Music

Whether students desire a career in music or want to pursue their own love of the art, the Department of Music offers courses in theory and composition, in the history and current trends of both Western and non-Western music, and lessons in performance. All students, regardless of musical background, are welcome in any course unless a prerequisite or permission of instructor is indicated (as for certain theory courses).

The Department offers a variety of courses (MUSA1100, MUSA1200, MUSA1300) that satisfy the University Core requirement in the Arts and that serve as introductions to the various areas of musical knowledge. MUSA1100 Fundamentals of Music Theory focuses on technical aspects of the language of music and serves as a prerequisite to Harmony and further upper level courses in theory and composition, such as Chromatic Harmony, and Counterpoint, as well as Jazz Harmony, Tonal Composition, and the Seminar in Composition. MUSA1200 Introduction to Music offers a broad survey of music history and styles of music, while upper level courses focus on various periods of Western music history (Middle Ages, Renaissance, Baroque, Classical Era, Romantic Era, Modern Era), the historical development of various genres (Opera, Symphony, Keyboard Music, Dance), or the contributions of various individual composers (Monteverdi, Bach, Beethoven, Brahms). MUSA1300 History of Popular Music in the U.S. offers a socio-historical approach to the broad history and context of popular music; upper level cross-cultural courses deal with popular traditions (such as Irish Folk Music, Music in America, History of Jazz, Hip-Hop, the Beatles) and world music. In world music, MUSA1320 Introduction to Musics of the World, MUSA2303 Afro-Brazilian Music, MUSA2304 Musics of India, MUSA2306 Musics of Africa, MUSA2307 Musics of Asia, and MUSA2309 Music and Culture in the Middle East satisfy the Cultural Diversity requirement of the Core but not the University Core requirement in the Arts.
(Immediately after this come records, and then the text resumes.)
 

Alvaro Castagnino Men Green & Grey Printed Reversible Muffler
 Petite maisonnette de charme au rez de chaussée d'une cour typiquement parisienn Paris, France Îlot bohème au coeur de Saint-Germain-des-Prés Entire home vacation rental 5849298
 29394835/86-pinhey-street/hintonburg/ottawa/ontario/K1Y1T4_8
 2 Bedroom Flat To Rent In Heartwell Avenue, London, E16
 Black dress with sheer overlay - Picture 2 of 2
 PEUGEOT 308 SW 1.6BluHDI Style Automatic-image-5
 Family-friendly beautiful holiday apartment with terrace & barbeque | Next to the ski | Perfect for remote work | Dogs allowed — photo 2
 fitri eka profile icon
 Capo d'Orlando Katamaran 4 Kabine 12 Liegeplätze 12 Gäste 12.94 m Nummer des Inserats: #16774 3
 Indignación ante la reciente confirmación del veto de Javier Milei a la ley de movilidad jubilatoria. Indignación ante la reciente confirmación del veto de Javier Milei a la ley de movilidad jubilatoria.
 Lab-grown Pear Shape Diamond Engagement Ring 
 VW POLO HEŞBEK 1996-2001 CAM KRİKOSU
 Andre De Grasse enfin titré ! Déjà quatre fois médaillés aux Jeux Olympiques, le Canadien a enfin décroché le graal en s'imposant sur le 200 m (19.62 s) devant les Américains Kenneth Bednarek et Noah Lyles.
For the music major, a liberal arts framework offers a broader outlook than that of a conservatory or a school of music. In a liberal arts framework, students encounter historical, theoretical, cultural, ethnographic, and performance perspectives on music. The student majoring in music at Boston College may find employment in teaching, communications, arts administration, liturgical music or may major in music simply to provide a firm discipline for the mind or a source of lifelong enjoyment. Some students plan to go on to graduate school or a conservatory to become professional performers, composers, musicologists, ethnomusicologists, or educators. Within the major, all students receive a common base of knowledge with a specialization at higher levels in such areas as composition, performance, music history, or cross-cultural studies. A grounding, not only in the traditional musical skills of Western art music, but also knowledge of American music and of the traditions of other cultures, is considered indispensable.